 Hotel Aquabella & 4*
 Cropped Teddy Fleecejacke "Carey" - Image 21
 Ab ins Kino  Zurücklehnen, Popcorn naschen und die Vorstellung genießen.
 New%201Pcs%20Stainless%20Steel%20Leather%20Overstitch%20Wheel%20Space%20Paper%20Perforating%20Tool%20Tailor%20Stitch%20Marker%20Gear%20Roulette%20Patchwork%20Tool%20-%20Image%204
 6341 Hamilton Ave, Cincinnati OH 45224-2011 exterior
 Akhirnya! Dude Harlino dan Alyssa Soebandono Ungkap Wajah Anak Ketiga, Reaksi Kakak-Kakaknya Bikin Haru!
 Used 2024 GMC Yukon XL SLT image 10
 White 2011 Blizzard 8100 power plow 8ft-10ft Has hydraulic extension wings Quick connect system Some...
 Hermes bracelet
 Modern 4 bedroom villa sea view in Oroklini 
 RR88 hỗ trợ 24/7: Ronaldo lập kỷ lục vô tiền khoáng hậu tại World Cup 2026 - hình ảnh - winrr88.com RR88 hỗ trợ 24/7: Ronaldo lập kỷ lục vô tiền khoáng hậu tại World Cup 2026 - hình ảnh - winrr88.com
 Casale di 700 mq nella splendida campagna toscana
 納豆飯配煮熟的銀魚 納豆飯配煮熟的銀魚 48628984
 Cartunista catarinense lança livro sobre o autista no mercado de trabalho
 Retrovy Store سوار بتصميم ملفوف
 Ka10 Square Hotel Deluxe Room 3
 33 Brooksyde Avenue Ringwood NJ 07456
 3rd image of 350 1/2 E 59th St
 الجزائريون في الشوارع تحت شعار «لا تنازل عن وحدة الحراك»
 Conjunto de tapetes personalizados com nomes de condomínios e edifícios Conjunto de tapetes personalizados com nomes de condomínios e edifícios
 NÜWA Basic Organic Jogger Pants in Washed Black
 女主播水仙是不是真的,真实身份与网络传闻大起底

▶ [THE PROBLEM]: Without changing a single character, write out all of the entries.

▶ [RESULT OF THIS EXERCISE]:
 Hotel Aquabella & 4*
 Cropped Teddy Fleecejacke "Carey" - Image 21
 Ab ins Kino  Zurücklehnen, Popcorn naschen und die Vorstellung genießen.
 New%201Pcs%20Stainless%20Steel%20Leather%20Overstitch%20Wheel%20Space%20Paper%20Perforating%20Tool%20Tailor%20Stitch%20Marker%20Gear%20Roulette%20Patchwork%20Tool%20-%20Image%204
 6341 Hamilton Ave, Cincinnati OH 45224-2011 exterior
 Akhirnya! Dude Harlino dan Alyssa Soebandono Ungkap Wajah Anak Ketiga, Reaksi Kakak-Kakaknya Bikin Haru!
 Used 2024 GMC Yukon XL SLT image 10
 White 2011 Blizzard 8100 power plow 8ft-10ft Has hydraulic extension wings Quick connect system Some...
 Hermes bracelet
 Modern 4 bedroom villa sea view in Oroklini 
 RR88 hỗ trợ 24/7: Ronaldo lập kỷ lục vô tiền khoáng hậu tại World Cup 2026 - hình ảnh - winrr88.com RR88 hỗ trợ 24/7: Ronaldo lập kỷ lục vô tiền khoáng hậu tại World Cup 2026 - hình ảnh - winrr88.com
 Casale di 700 mq nella splendida campagna toscana
 納豆飯配煮熟的銀魚 納豆飯配煮熟的銀魚 48628984
 Cartunista catarinense lança livro sobre o autista no mercado de trabalho
 Retrovy Store سوار بتصميم ملفوف
 Ka10 Square Hotel Deluxe Room 3
 33 Brooksyde Avenue Ringwood NJ 07456
 3rd image of 350 1/2 E 59th St
 الجزائريون في الشوارع تحت شعار «لا تنازل عن وحدة الحراك»
 Conjunto de tapetes personalizados com nomes de condomínios e edifícios Conjunto de tapetes personalizados com nomes de condomínios e edifícios
 NÜWA Basic Organic Jogger Pants in Washed Black
 女主播水仙是不是真的,真实身份与网络传闻大起底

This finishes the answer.